A lack of grounding can impact the quality of outputs. Occassionally prompts have to be re-run to get a perfect output for every prompt. I spent time crafting my prompts and I could have used multi shot prompting but it requires at least 100K tokens to see performance improvements and I wanted to utilize listening histories, whilst keeping in 1 million token window. 

**Further Research**

I primarily used text based prompting but communication and music is multimodal. I started exploring audio and it returned interesting results but there's a lot of opportunity to explore image, video and audio when it comes to understanding music. 

Structured outputs is an interseting topic here because I can generate recommendations or songs in a structured format that could communicate GET a song from an API. Looking at Soundcloud, Spotify, Apple Music and other popular music providers API documentation could reveal opportunities to utilize outputs automatically e.g. our Synthwave playlist we created based on our listening history with a list of songs and artists. 

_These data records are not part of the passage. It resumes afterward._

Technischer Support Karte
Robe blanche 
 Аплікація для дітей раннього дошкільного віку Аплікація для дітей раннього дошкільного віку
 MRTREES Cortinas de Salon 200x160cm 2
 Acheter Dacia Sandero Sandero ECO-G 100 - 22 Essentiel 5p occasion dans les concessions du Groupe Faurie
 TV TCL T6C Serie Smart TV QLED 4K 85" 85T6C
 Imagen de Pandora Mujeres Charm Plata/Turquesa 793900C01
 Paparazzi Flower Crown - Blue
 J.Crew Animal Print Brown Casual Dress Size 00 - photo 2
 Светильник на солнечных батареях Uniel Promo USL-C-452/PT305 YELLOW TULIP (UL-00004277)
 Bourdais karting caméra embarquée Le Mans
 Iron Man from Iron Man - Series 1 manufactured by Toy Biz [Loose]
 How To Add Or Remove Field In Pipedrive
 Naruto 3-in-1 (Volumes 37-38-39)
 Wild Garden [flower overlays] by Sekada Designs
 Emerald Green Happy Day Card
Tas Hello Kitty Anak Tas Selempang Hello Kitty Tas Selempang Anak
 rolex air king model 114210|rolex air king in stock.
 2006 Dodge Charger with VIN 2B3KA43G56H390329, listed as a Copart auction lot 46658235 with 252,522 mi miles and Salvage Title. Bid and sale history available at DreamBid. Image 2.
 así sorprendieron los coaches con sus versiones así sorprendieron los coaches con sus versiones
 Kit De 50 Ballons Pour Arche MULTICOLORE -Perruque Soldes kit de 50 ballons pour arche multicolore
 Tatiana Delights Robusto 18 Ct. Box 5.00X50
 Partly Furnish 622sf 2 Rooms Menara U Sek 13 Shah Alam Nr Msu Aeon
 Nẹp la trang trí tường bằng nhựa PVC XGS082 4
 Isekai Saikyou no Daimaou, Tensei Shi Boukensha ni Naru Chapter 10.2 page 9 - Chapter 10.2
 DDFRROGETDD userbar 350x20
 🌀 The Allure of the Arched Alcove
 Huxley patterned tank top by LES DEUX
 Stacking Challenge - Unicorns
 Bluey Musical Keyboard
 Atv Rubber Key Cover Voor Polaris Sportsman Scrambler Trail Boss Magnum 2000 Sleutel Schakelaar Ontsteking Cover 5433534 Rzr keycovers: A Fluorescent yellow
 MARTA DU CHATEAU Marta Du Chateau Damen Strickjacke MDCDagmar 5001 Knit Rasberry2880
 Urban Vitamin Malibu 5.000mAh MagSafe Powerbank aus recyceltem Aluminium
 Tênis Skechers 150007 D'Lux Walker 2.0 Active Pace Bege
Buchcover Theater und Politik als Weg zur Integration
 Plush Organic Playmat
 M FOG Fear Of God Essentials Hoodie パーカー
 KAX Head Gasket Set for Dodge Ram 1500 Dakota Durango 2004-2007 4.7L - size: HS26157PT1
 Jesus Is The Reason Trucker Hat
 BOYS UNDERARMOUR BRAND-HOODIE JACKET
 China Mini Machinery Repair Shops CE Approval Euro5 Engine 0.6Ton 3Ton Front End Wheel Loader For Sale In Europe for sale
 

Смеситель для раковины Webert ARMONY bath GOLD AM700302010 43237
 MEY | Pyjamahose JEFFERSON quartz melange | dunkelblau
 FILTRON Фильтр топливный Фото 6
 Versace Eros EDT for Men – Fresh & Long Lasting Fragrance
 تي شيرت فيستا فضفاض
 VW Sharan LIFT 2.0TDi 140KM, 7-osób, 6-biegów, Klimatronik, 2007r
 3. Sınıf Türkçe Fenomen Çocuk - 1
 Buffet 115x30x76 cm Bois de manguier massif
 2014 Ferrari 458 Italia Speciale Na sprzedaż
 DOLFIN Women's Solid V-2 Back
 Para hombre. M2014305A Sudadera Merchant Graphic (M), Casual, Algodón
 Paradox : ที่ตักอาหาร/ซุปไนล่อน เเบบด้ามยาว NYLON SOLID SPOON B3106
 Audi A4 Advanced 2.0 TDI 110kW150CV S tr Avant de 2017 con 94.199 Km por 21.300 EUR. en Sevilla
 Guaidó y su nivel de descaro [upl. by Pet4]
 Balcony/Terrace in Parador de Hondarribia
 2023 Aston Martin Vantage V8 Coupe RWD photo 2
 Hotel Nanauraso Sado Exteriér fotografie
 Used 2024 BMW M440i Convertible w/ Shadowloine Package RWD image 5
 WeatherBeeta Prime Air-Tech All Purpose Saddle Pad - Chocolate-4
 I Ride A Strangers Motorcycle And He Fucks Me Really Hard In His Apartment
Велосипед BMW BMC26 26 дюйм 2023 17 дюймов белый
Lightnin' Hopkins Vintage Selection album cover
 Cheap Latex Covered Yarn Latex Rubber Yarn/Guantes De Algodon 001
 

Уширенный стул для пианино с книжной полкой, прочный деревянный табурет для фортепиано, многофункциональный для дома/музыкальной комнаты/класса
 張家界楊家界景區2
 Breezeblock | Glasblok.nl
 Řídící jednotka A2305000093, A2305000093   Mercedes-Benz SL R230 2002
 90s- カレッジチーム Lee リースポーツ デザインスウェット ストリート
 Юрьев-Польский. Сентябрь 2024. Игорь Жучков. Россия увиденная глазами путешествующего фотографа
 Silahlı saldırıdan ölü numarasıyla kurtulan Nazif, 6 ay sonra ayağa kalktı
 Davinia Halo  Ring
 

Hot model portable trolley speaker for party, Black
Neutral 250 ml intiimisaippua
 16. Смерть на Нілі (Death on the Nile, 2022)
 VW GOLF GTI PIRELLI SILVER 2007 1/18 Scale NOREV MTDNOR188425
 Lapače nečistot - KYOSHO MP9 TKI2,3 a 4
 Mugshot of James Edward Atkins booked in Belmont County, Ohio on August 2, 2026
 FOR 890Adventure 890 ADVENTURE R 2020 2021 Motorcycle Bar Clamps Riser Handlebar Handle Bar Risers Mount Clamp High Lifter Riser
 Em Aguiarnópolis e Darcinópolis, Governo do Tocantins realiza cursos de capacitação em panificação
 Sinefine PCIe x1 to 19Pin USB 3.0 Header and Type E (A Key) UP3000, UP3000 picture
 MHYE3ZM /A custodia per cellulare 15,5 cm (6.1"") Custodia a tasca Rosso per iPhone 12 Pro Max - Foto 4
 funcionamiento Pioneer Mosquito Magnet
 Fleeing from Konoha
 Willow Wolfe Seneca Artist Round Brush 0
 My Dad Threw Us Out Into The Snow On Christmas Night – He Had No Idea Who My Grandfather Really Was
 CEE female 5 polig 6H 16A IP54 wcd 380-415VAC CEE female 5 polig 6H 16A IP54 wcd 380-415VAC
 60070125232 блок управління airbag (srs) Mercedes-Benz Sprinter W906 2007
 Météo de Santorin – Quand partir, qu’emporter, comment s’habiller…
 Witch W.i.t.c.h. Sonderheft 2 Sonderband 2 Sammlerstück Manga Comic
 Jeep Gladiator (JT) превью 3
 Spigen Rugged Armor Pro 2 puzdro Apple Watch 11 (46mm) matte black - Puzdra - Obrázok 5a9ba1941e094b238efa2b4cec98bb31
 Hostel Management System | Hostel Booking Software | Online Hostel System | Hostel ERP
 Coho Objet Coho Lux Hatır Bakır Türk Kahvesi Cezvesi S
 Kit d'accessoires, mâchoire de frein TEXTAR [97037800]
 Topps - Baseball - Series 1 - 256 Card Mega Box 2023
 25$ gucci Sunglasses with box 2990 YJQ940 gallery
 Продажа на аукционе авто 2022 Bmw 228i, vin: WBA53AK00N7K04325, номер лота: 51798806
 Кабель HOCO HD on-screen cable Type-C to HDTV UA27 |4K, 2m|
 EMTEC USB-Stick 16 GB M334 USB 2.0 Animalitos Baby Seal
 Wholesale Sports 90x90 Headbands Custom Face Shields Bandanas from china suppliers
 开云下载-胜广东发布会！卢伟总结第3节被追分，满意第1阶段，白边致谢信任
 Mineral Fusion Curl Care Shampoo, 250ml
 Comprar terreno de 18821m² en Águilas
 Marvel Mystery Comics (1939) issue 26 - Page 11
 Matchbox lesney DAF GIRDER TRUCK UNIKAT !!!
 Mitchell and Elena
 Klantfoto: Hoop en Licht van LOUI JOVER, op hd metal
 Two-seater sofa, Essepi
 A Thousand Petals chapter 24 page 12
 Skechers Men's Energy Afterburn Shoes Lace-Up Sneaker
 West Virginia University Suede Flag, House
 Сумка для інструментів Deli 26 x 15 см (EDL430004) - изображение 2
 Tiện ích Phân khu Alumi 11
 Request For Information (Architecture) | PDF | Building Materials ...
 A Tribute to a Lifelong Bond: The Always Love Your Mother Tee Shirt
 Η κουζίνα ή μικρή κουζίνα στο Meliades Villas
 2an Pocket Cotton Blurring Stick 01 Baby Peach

Armed with music profiles, it would be interesting to learn more about whether music is truly a great way to find and meet new friends or romantic partners, by using our unique music personalities to match with other users and create real world interactions. 

Whether the hyper personalized recommendations help marketing teams to serve relevant advertisements and do those tailored advertisments convert more frequently, upcoming concerts, albums, songs that our user should be interested in. Linking outputs to concrete outcomes requires more exploration.